In minerals: copper ores and concentrates
In fuels: coal, briquettes and lignite
In rubber and plastics: natural rubber and gums
In metals: ferro-nickel and stainless steel
In wood: plywood, chemical wood pulp and uncoated paper
Today, the industry sector accounts for more than 40% of final energy consumption in Indonesia
It corresponds to more than half of CO2 emissions from the three main end‐use sectors – industry, transport and buildings.
Non-metallic minerals and Iron and steel are the two sectors consuming the most energy.
Caveat: Based on OECD/IEA data, almost half of the energy consumption of the industry is not allocated to a specific subsector.

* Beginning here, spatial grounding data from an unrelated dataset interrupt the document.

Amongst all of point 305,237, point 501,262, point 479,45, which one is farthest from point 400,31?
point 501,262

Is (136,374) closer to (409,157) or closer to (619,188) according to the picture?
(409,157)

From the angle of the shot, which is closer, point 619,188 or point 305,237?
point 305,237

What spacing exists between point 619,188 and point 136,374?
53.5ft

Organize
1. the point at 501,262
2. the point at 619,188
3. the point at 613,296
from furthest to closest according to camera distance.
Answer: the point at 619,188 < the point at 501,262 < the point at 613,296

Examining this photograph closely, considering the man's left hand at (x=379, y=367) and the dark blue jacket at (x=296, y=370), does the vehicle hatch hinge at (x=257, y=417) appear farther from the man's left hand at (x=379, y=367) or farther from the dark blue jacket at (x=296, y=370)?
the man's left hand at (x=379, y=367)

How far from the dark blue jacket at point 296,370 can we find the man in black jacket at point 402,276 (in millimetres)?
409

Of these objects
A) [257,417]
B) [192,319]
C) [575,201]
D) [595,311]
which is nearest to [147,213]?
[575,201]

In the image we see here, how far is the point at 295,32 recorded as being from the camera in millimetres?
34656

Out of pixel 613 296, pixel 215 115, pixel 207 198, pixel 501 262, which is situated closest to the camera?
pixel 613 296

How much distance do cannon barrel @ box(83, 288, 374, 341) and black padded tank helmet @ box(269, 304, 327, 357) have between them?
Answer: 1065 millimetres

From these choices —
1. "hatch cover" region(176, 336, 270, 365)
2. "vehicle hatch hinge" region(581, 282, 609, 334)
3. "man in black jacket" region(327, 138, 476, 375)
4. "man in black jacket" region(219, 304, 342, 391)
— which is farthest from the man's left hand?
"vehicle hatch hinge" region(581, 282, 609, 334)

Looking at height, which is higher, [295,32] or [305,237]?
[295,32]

Most of the industry subsectors rely on different fossil fuels:
Non-metallic minerals, iron and steel and pulp and paper rely mainly on coal.
Textile and leather and food and tobacco rely mainly on oil.

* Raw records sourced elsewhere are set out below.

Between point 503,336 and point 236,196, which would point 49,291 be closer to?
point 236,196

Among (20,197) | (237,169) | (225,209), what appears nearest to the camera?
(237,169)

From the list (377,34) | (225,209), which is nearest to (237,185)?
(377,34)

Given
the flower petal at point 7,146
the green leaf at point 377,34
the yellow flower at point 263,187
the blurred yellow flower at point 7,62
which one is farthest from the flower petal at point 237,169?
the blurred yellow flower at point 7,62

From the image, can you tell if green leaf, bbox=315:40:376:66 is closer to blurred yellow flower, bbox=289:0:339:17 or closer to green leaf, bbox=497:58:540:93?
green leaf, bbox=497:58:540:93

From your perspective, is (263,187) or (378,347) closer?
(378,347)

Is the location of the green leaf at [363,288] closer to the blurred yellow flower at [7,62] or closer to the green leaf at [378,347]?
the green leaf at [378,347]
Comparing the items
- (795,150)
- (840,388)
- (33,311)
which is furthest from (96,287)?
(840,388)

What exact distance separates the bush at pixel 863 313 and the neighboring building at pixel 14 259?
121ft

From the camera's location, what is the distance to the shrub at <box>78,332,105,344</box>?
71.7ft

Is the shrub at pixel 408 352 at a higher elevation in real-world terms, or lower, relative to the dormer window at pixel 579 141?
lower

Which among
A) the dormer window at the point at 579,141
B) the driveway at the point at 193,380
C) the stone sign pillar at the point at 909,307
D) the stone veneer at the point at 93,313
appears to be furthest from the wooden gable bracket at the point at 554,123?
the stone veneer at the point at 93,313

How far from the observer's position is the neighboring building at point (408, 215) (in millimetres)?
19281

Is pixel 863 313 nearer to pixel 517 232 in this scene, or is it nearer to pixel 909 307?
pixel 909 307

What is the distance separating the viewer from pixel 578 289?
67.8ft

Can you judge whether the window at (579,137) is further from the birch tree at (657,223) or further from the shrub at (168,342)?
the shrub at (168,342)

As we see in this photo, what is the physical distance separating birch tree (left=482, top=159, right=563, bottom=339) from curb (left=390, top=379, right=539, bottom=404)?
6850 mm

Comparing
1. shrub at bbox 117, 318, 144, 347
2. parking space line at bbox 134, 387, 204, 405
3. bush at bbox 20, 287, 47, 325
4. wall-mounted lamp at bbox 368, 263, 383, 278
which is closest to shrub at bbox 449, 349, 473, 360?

Chemical and petrochemical rely mainly on gas
Caveat: Based on OECD/IEA data, almost half of the energy consumption of the industry is not allocated to a specific subsector. In particular, all biomass and waste and electricity consumptions are not allocated.
E.g., we expect that Pulp and Paper industry consumes a significant share of biomass, and that Iron and Steel industry consumes a significant share of electricity.
Evolution: The recent development of Blast Furnaces in Iron and Steel sector may increase coal consumption for non-energy use
The sectors contributing the most to Greenhouse gases (GHG) emissions in Indonesia are dominated by CO2 emissions.
Industrial Process and Product Use (58 Mt CO2e): Cement production (30 Mt CO2e), followed by ammonia and iron and steel production, is the major contributor.
For energy-related emissions of the manufacturing industry (136 Mt CO2e), the main contributors are Iron and Steel (25 Mt CO2e) and Non-Metallic Mineral Industry (20 Mt CO2e).
Electricity generation is responsible for additional 274 Mt CO2e, out of which 30%, i.e. 90 Mt CO2e, can be allocated to the industry
Caveat: data not allocated to industry subsector as per OECD/IEA data.
Ministry of Energy and Mineral Resources (MEMR) and the International Energy Agency (IEA) have been working on an Energy Sector Roadmap to net zero emissions by 2060 in Indonesia. The report was released in September 2022.
The analysis is centred on the IEA’s Announced Pledges Scenario (APS), in which Indonesia reaches net zero emissions on an economy‐wide basis by 2060. The report also develops an accelerated scenario, the Net Zero Emissions by 2050 Scenario (NZE).
CO2 emissions reach a peak around 2030 in a net-zero scenario. The majority of CO2 emissions are energy-related in the next decades.
As renewable electricity develops in a net-zero scenario, the relative share of industry emissions increases.